Menyinari negeri dengan sikap antikorupsi tidak perlu dengan sikap yang muluk-muluk menurut saya. Mulailah perbaiki diri Anda sendiri, lantas berilah pengaruh positif ke lingkungan sekitar. Kurang tepat jika kita tidak melakukan “pemanasan” tapi langsung sprint dan melakukan langkah besar. Sejarah mencatat bahwa perubahan dunia tidak terjadi secara tiba-tiba. Jarang ada penemuan hebat di bidang sains ataupun sosial yang dalam percobaan pertama kali langsung sukses dan memenangkan nobel. Sebaiknya kita berfikir besar, melangkah kecil-kecil. Bukan berfikir kecil dengan langkah besar tanpa tahu bahwa jalan yang telah kita lewati seperti apa.
Thomas Alfa Edison mengatakan bahwa banyak kegagalan dalam hidup ini dikarenakan orang-orang tidak menyadari betapa dekatnya mereka dengan keberhasilan ketika mereka menyerah. Jadi, tak perlu kita takut dengan keanehan yang bakal mendera kita ketika kita membuat perubahan kecil dalam perilaku sehari-hari. Mulailah dari diri kita sendiri dan dari hal yang sederhana.

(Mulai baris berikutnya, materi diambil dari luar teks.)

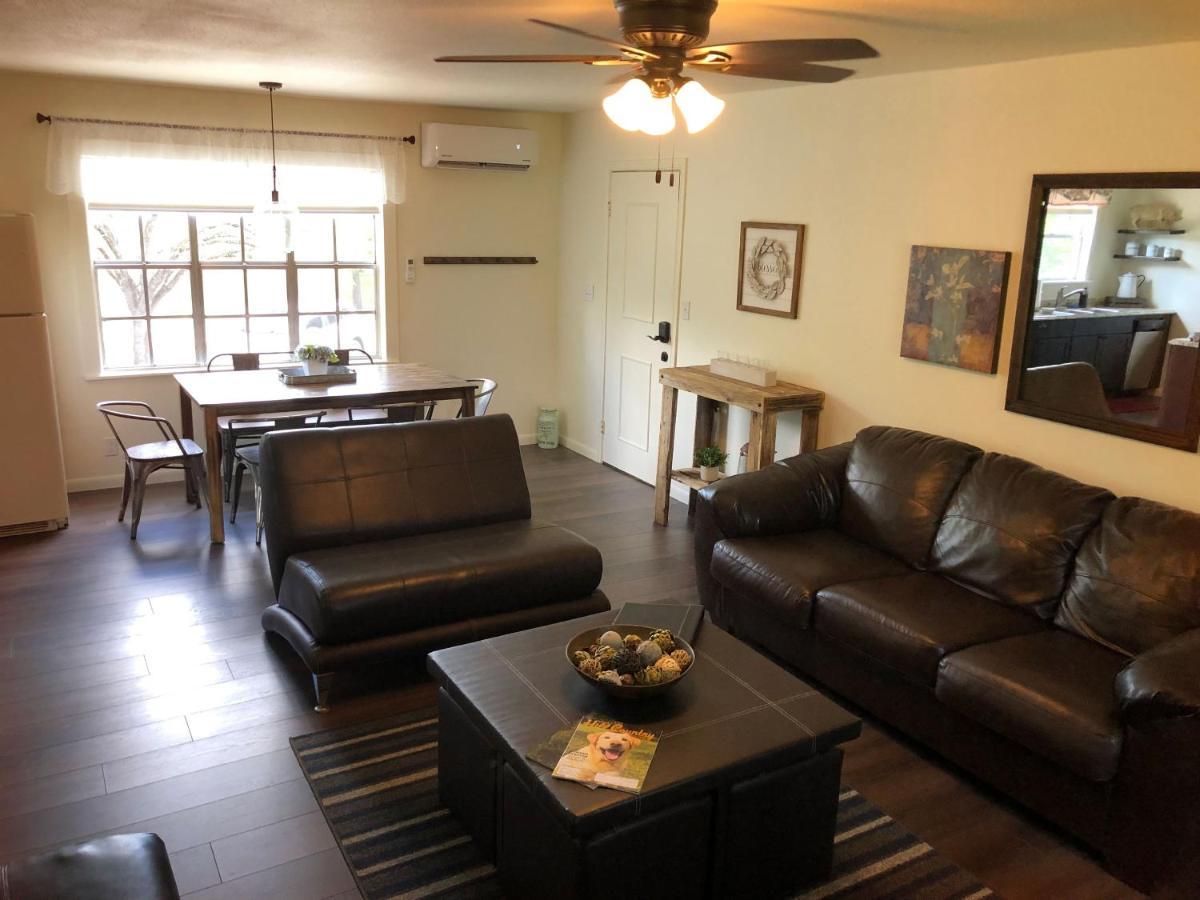 Lydias Loft Apartment Ingram Екстериор снимка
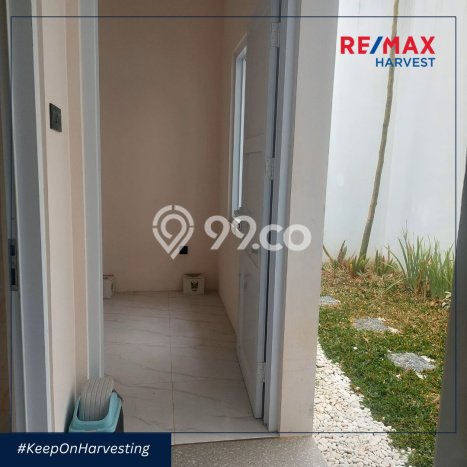 Rumah Luas Asri 4 KT Siap Pakai di Meruya Jakarta Barat Rumah Luas Asri 4 KT Siap Pakai di Meruya Jakarta Barat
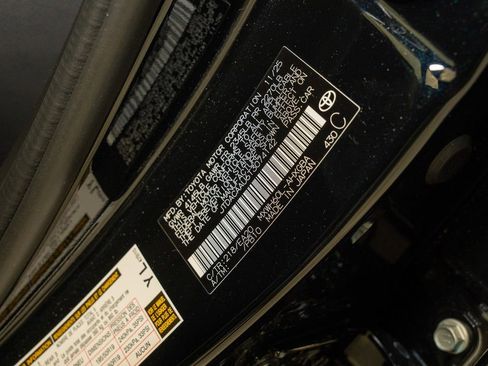 Used 2026 Toyota Prius XLE image 21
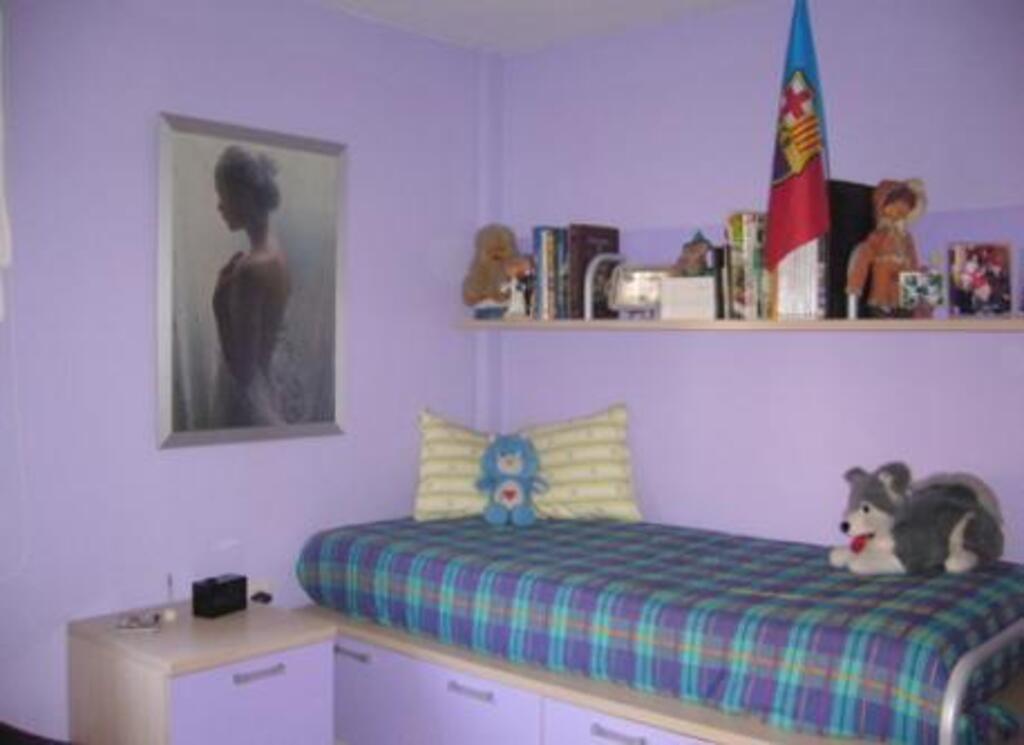  Large bedroom with a trundle bed /Dormitorio secundario, con 1 cama y otra plegable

Menulis hal ini layaknya sebuah ungkapan kegalauan hati saya dengan perilaku saya pribadi dan teman-teman saya yang masih saja sering melakukan hal-hal tidak ber-value added padahal setiap dari kita dapat kuliah dengan gratis di sini karena dibiayai oleh seluruh warga Negara Indonesia melalui pajak dan pendapatan BLU lainnya. Semoga dapat menjadi sebuah renungan bagi saya pribadi dan juga Anda.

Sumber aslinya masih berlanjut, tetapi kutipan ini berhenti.